Ukraine’s president has travelled to Japan, which hosted a Group of Seven summit this year, meeting with world leaders and discussing how to further support Kyiv in the wake of Russia’s full-scale invasion.
"Last year, Mr Biden said that Ukraine and Taiwan are one front of democracy against autocracy. Now, this is confirmed at the level of all G7 leaders," Oleksandr Kraiev, director of the North America programme at the Ukrainian Prism, a think tank, tells LIGA.net.
"This is a very positive signal that Ukraine is not just a political project, but an ideological project."
If you have missed out on what happened in Hiroshima over the weekend and what Ukraine got from the G7 leaders’ meeting there, read more below.
Mr Zelenskyy arrived in Hiroshima on a French government plane on Saturday.
He met with UK prime minister Rishi Sunak, thanking him for his leadership in the ‘fighter jet coalition’ and discussed the implementation of the agreements reached during his visit to London.

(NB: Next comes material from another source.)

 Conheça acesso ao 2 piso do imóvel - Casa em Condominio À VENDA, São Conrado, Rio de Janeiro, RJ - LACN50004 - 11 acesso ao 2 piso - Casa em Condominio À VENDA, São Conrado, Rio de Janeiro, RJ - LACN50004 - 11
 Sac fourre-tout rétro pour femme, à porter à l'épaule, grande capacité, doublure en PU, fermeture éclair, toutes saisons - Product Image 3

"The UK has been very active in providing modern fighter jets for Ukraine. And this is historic," Mr Zelenskyy said.
With Italian prime pinister Giorgia Meloni and French president Emmanuel Macron, Ukraine’s president discussed the training of Ukrainian pilots; with German chancellor Olaf Scholz, the Ukrainian peace formula and the results of his visit to Berlin.
And, with European council President Charles Michel, he discussed the implementation of EU recommendations, the export of Ukrainian grain through EU countries, and again, the peace formula.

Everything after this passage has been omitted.